O Globo, Economia, p. 25
05 de Ago de 2008
Governo: solução para Jirau tem de sair até 6ª
Ministro avisa que Odebrecht e Suez precisam se acertar, ou licitação será anulada e usina irá para Eletrobrás
Gerson Camarotti, Mônica Tavares e Eliane Oliveira
O ministro de Minas e Energia, Edison Lobão, afirmou ao GLOBO que os consórcios liderados por Odebrecht/Furnas e Suez têm até sexta-feira para se acertar e evitar a anulação da licitação da hidrelétrica de Jirau, no Complexo do Rio Madeira. A construtora brasileira ameaça questionar na Justiça a mudança feita pela Suez no projeto, que reduziu os custos da usina em R$ 1 bilhão e permitiu a agressividade da proposta vencedora. Ainda esta semana, Lobão vai colocar os adversários para conversar mais uma vez, visando ao entendimento. Se a missão não for bem sucedida, a Eletrobrás assumirá o empreendimento, como publicou ontem o "Valor Econômico".
- Já comuniquei aos dois lados para que se entendam e ajudem a resolver o impasse.
Caso isso não aconteça, o governo vai anular a licitação. Nesse caso, a Eletrobrás assume a obra de Jirau. Vou resolver isso esta semana - avisou Lobão.
Ele recebeu ontem o apoio da ministra-chefe da Casa Civil, Dilma Rousseff. Em Buenos Aires, ela afirmou que o governo não vai tolerar uma disputa judicial no processo, mas apostou no consenso:
- Eles vão se acertar. O ministro Lobão está fazendo todas as tratativas. Não achamos que estão rompidas as relações. A gente cogita todas as possibilidades. Só não pode faltar energia no Brasil.
O impasse ocorre porque a Odebrecht não aceita o fato de a Suez ter alterado em nove quilômetros, em seu projeto, a localização da barragem de Jirau.
A construtora afirma que o edital não permitia mudanças como essa e que, ao descumprir as regras, o consórcio adversário ganhou uma vantagem, pois trabalhava com outro cenário de custos.
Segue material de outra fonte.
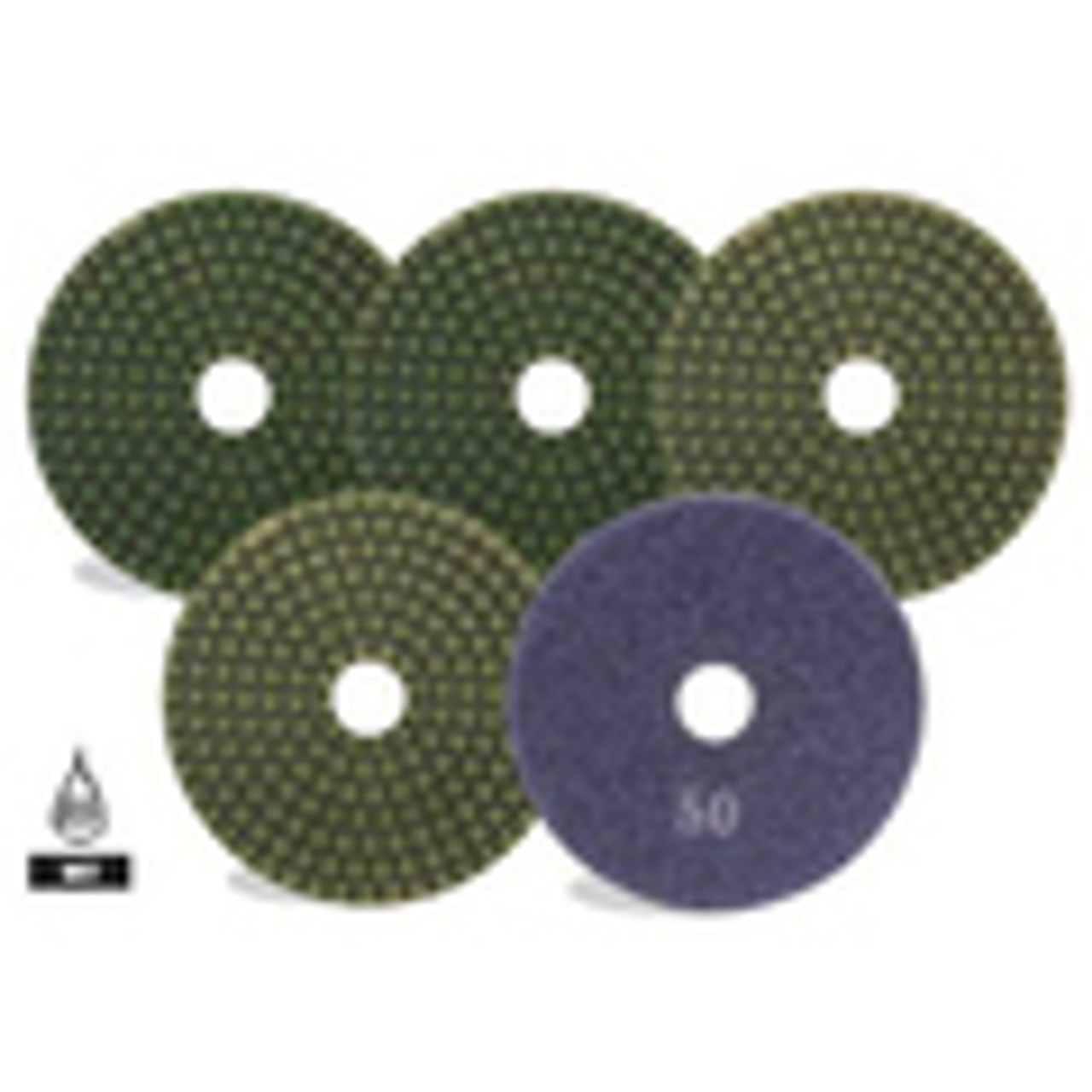Diamond Polishing Pads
Para Lobão, esse é um problema empresarial e não pode prejudicar o país:
- Ao final, os consórcios vão se entender. Essa disputa é negócio de empresa que não quer perder nunca. Por isso, ficam nessa complicação. Essa é uma obra gigantesca, uma das maiores do Brasil, com investimento de R$ 10 bilhões.
Por isso mesmo, é bom deixar claro que o interesse nacional está acima de qualquer interesse privado.
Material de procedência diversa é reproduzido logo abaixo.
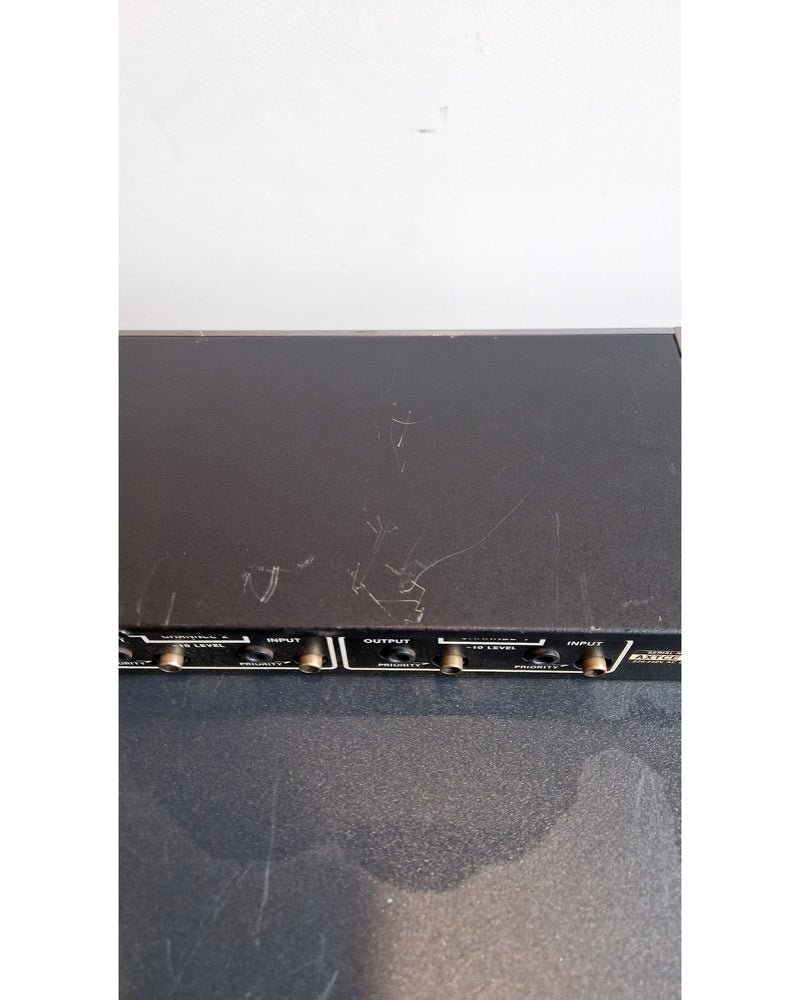 Aphex Aural Exciter Type C - Effects Unit - Audio Enhancer - Fair - Image 5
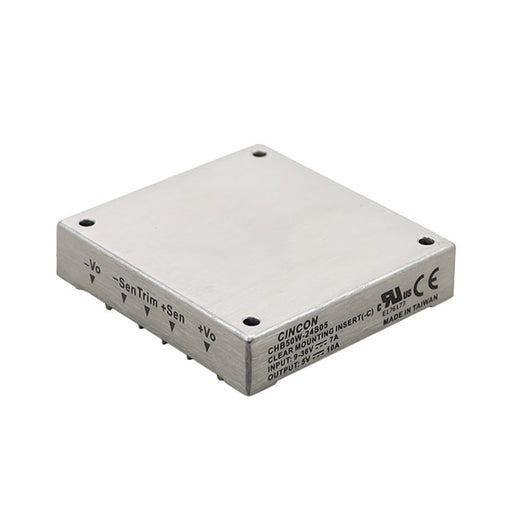 CHB50W-24S05-C by Cincon Electronics Co. LTD - DC DC CONVERTER 5V 50W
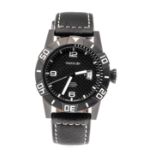 Nauticfish men's diver's watch, Ref. 07/22F/02, registration number 0432 from 2009, 1000m WD,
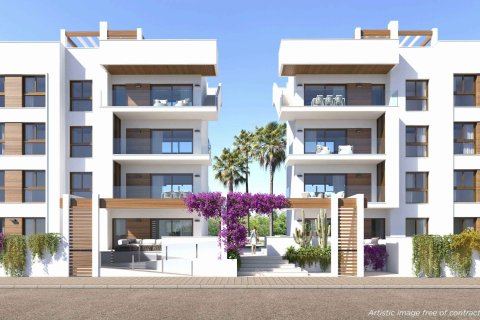 Huoneisto myytävänä Los Alcazares, Murcia, Espanja, 2 makuuhuonetta,  No. 182721 - kuva 19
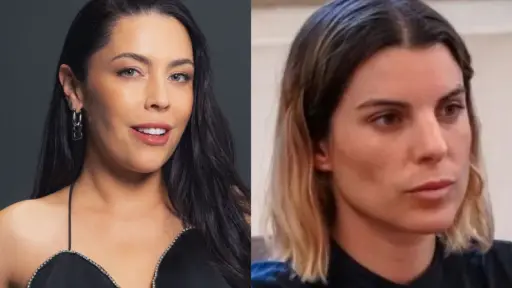 Daniela Aránguiz condenó ataque a Maite Orsini, Instagram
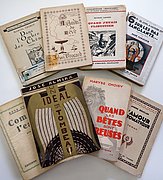 Bücher aus der Bibliothek Torrès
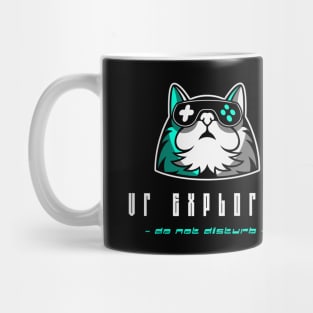 VR Explorer Mug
O grupo Jirau Energia, que tem como principal acionista a Odebrecht, não quis se manifestar. O consórcio Energia Sustentável do Brasil (Enersus), capitaneado pela Suez, não respondeu à solicitação de entrevista feita pelo GLOBO.
Dilma já alertara para intervenção Lobão promete que licença de Santo Antônio sai até o fim de semana
O ultimato do governo havia sido dado, primeiramente, pela ministra-chefe da Casa Civil, Dilma Rousseff. Em entrevista ao jornal "Valor Econômico", publicada ontem, ela afirmou que a União não deixará que o cronograma de entrada em operação das geradoras atrase. Se essa ameaça for concreta, afirmou, "o governo intervirá".
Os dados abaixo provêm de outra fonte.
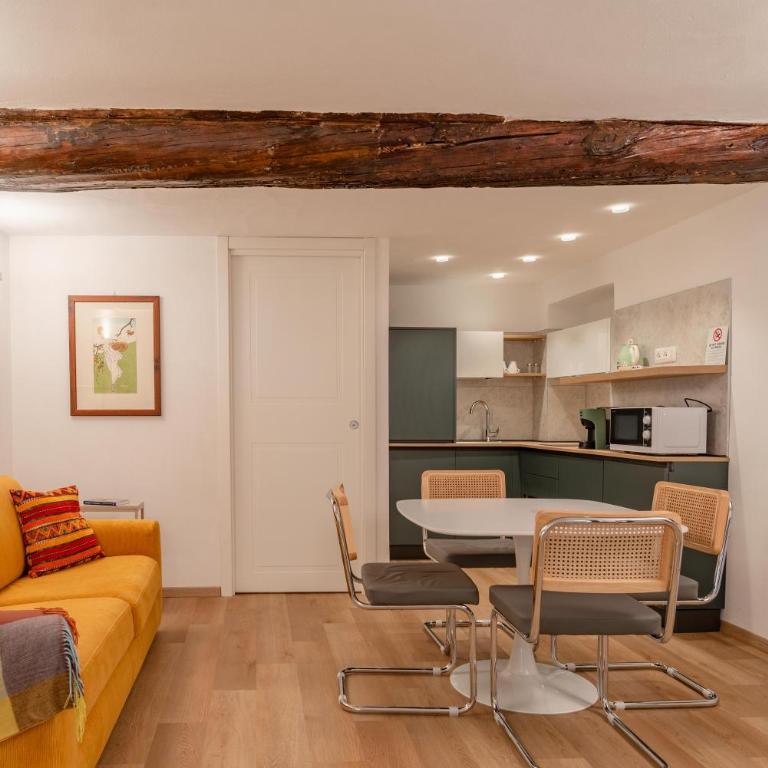 Galleria Subalpina - L'écrin subalpin - Appartamento con 1 Camera da Letto - 24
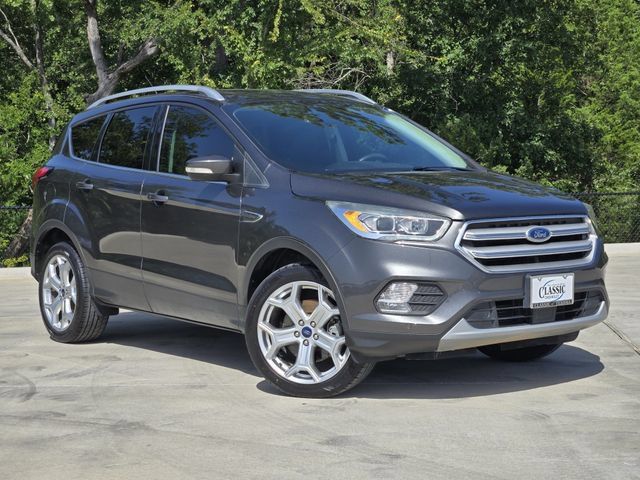 Used 2019 Ford Escape Titanium FWD image 1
Tanto Dilma quanto Lobão fizeram questão de enfatizar que a União está cumprindo todos os prazos previstos nos editais para que os empreendimentos comecem o quanto antes. O ministro garantiu que a licença de instalação do Ibama para a hidrelétrica de Santo Antônio, licitada em dezembro de 2007, será concedida até o fim desta semana.
Sem essa autorização, a construção do empreendimento não pode começar.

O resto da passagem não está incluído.